“Children who engage in deviant acts must receive professional intervention, not just a ‘stern talk…’ By Ginger Kadlec

Sad teenager is scared and abused.

Sad teenager is scared and abused.

My stomach continues to churn as I read report after report about reality star Josh Duggar’s alleged admission of child molestation. Even more disappointing are the details being reported about the adults in his life who, if these reports are indeed accurate, failed to respond as they should.

Allow me to first acknowledge that any parent whose child admits to committing a crime of any type experiences a range of emotions from anger to disappointment to wanting to correct the child while at the same time protect him/her from repercussions of the act(s). While I have no first-hand vision into the Duggar’s lives, I would bet this is just what Josh’s parents Jim Bobb and Michelle were thinking… however, they failed to notify authorities for a year after learning about Josh’s acts. During that time, he allegedly molested again.

So, what can we learn from the Duggars?

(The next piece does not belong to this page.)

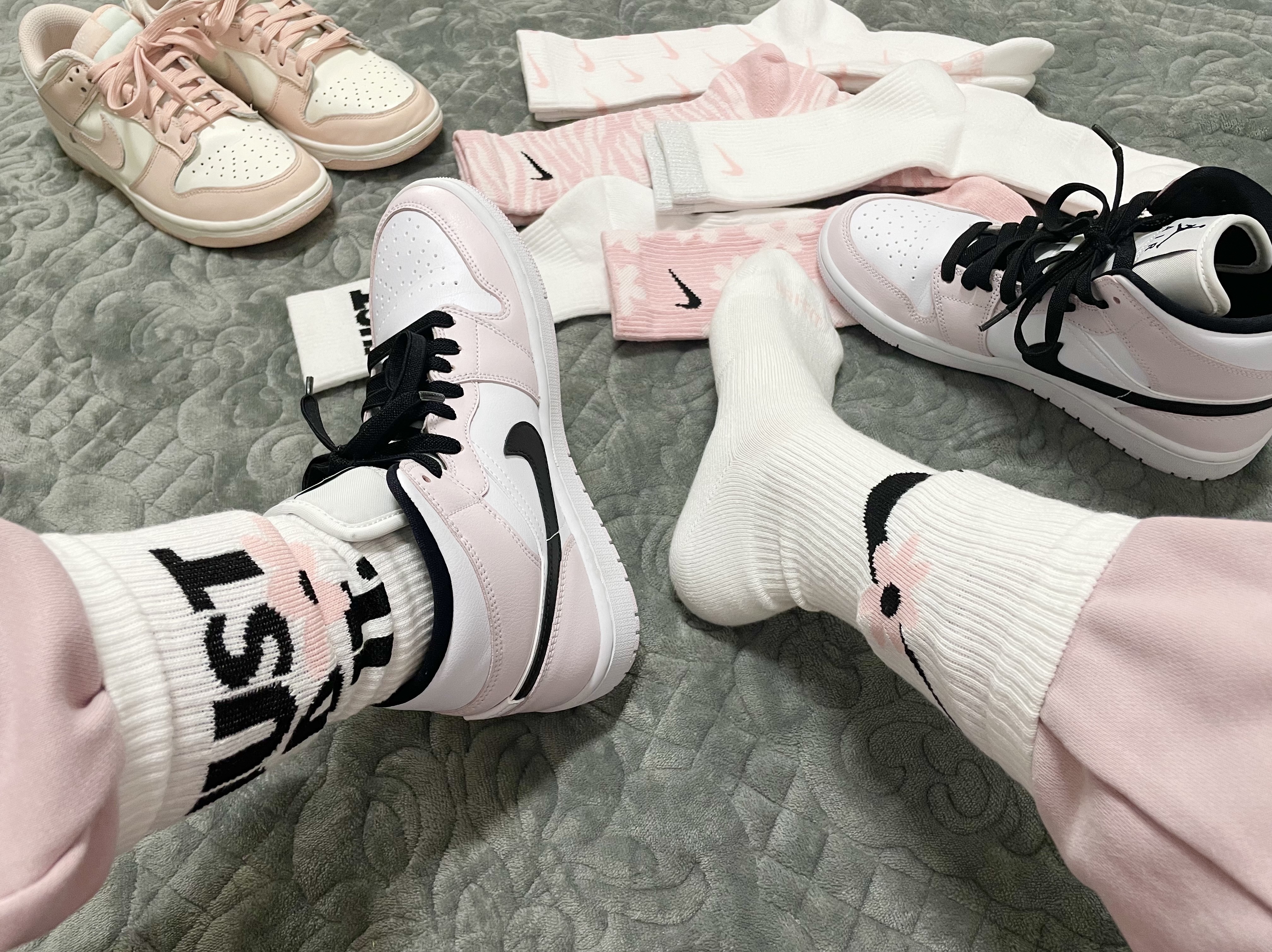 (W) Jordan 1 Mid Barely Rose, (W) Nike Dunk Low Orange Pearl 착용 스타일 - 4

Here are 4 lessons for every family in this all-too-real-life story.

Lesson #1: The Law Says…

See The Washington Post for a timeline of events in the Duggar story.

In many states (including my home state of Indiana), any adult who suspects or is aware that a child is being abused is REQUIRED to report that suspicion to authorities. Federal statute addressing child sexual abuse predominantly hands authority back to individual states and provinces.

I checked Arkansas’ (the Duggar’s home state) mandated reporting statute... apparently, it does NOT require anyone having knowledge about or suspicion of child abuse to report it. There is a list, though, of mandated reporters including teachers and clergy. My question in the Duggar case is, if these children were home schooled, didn’t the parents qualify as “teachers” and weren’t they then bound by mandated reporting requirements? The Duggars are also the parents of multiple alleged victims in this case. Was it ‘enough’ to get just counseling for them on the side?

Lesson #2: What is normal sex play?

It’s natural for children to become curious about their own sexuality and the sexuality of the opposite, or even same gender. “Ask Dr. Sears” offers a terrific explanation of genital play and what is normal vs. deviant behavior. This website states that many children are “…more interested in satisfying curiosity than in sexual arousal. You can tell innocent sexual curiosity from deviant sexual behavior by these characteristics. Innocent acts are occurring when…”

  • Children are young (under age seven), close in age, and know each other.
  • There is mutual agreement; one child is not forcing the other.
  • There is usually a game-like atmosphere: playing “doctor” or “I’ll show you mine if you show me yours.”
  • Secrecy is part of the game. As if sensing their parents would disapprove, children retreat into a bedroom, garage, or a private place. (This is true for deviant acts as well.) ~Source: Ask Dr. Sears

What isn’t acceptable is when a child, tween or teen coerces or forces another child into a sexual act, one example being fondling a victim who is sleeping, as alleged in the Duggar case.

What isn’t acceptable is when a child, tween or teen coerces or forces another child into a sexual act, one example being fondling a victim who is sleeping, as alleged in the Duggar case.

As a side note, children who are sexually abused sometimes act like they are asleep when they are in fact awake during an assault. It’s a response similar to that of a small animal who is attacked and “plays dead”, hoping its hunter will leave it alone and go away. The child victims in the Duggar case could have very well been aware of what was happening to them at the time of the alleged molestations.

Children who engage in deviant acts must receive professional intervention, not just a “stern talking to” or ‘punishment’ of physical labor to ‘work it out of their system’. This is a primary reason people need to report abuse.1 Depending on the circumstances, authorities aren’t out to put a kid in jail — instead, they want to intervene to help and be sure the child’s issues are addressed so they don’t perpetrate again.

Lesson #3: Protecting Child Victims

Nearly 20% of all child abusers are children themselves.

No family is perfect. But families where any form of abuse exists require intervention… especially, for children in the home. According to data shared by the National Children’s Alliance in 2014, nearly 1 in 5 (18.9%) perpetrators of child abuse were under the age of 18. Many of those were family members, siblings or friends who had ready access to their child victims. When sexual abuse allegations are substantiated among siblings, safety plans should be put in place and monitored by an outside organization or agency that specializes in the safety and protection of children. Again, I don’t have first-hand insight into the Duggar case, but from what I’ve read, it doesn’t appear that necessary safety measures were implemented.

A child who commits a crime isn’t a bad person that society should just write-off, send to juvy and hope for the best. Rather, it’s a child who needs intervention, guidance and help. In my experience as a child forensic interviewer, child perpetrators often abuse because they themselves were victimized in some way. That victimization can come in many forms including being a victim of sexual molestation themselves or even witnessing adult sexual behavior/acts which can include viewing videos or photographs that are not age appropriate.